*** Block opens ***
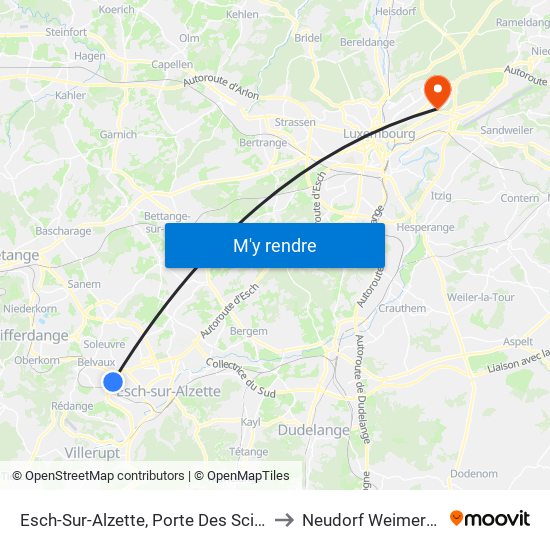 Esch-Sur-Alzette, Porte Des Sciences to Neudorf Weimershof map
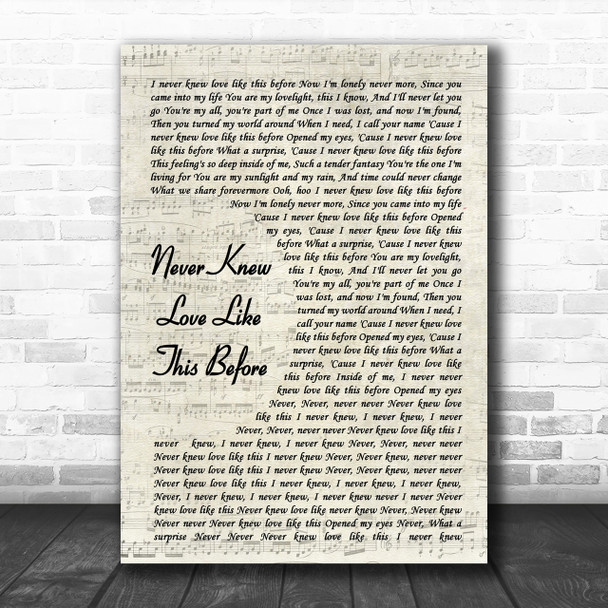 Stephanie Mills Never Knew Love Like This Before Vintage Script Song Lyric Music Wall Art Print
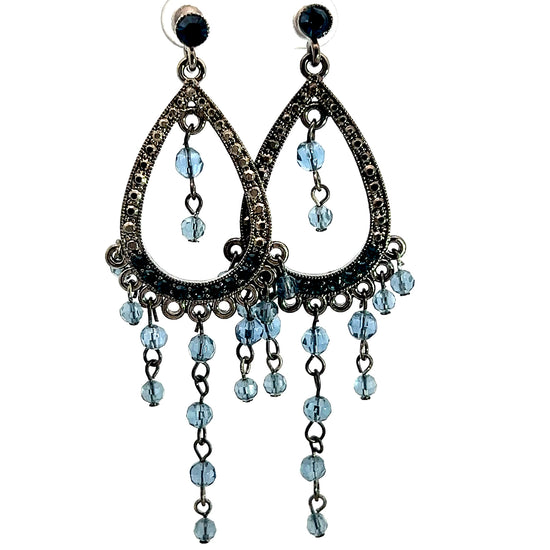 Blue & Navy Crystal Dangle Earring - Born To Glam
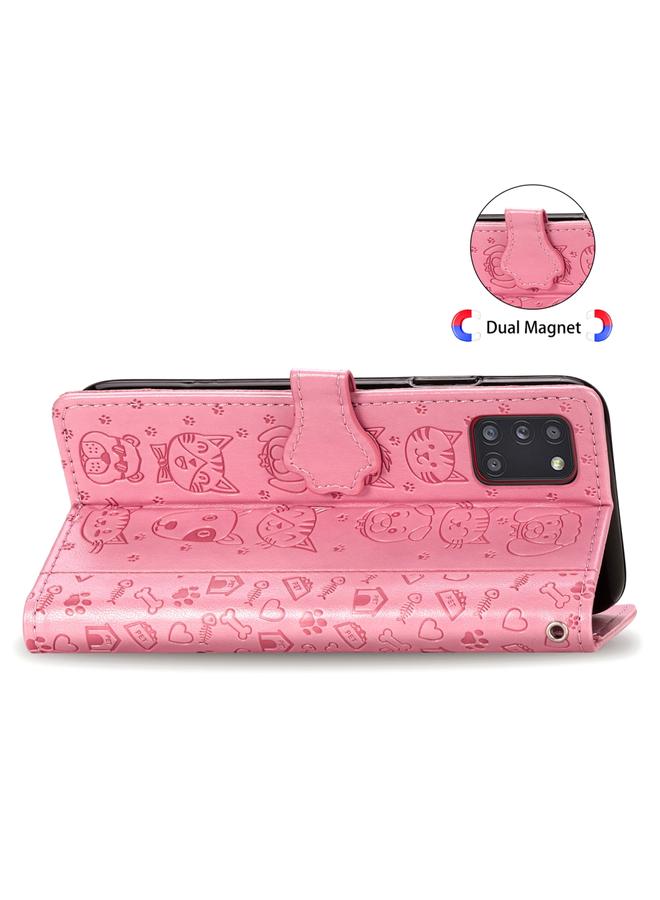 اس-توب جراب لهاتف Galaxy A31 من الجلد المنقوش بشكل قطة وكلب لطيف مع حامل / فتحة بطاقة / محفظة / حبل تعليق - Image 4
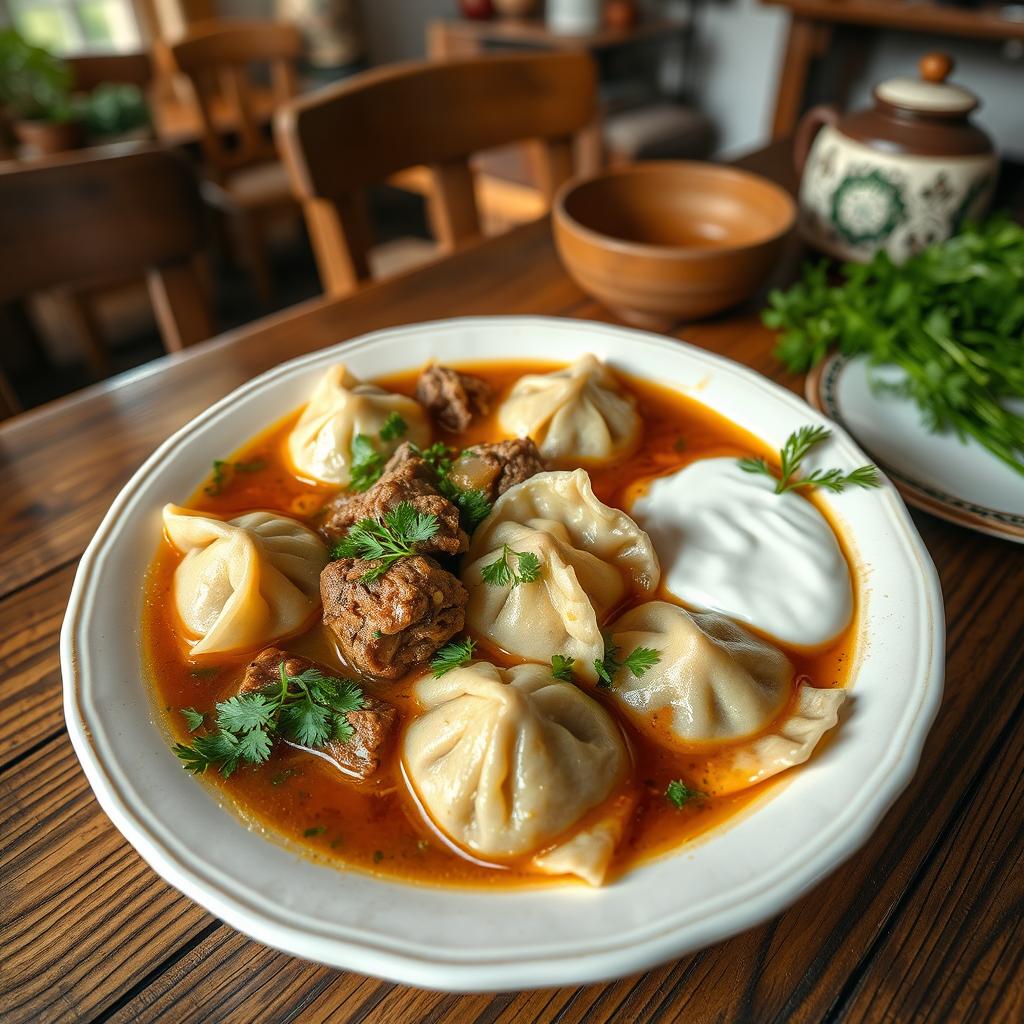 A beautifully presented plate of Хьингал, a traditional dish from the Caucasus region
*** Block closes ***
--- Exercise brief ---
Every record must be copied exactly, with images dropped from the result.

--- Response area ---
 Esch-Sur-Alzette, Porte Des Sciences to Neudorf Weimershof map
 Stephanie Mills Never Knew Love Like This Before Vintage Script Song Lyric Music Wall Art Print
 Blue & Navy Crystal Dangle Earring - Born To Glam
 اس-توب جراب لهاتف Galaxy A31 من الجلد المنقوش بشكل قطة وكلب لطيف مع حامل / فتحة بطاقة / محفظة / حبل تعليق - Image 4
 A beautifully presented plate of Хьингал, a traditional dish from the Caucasus region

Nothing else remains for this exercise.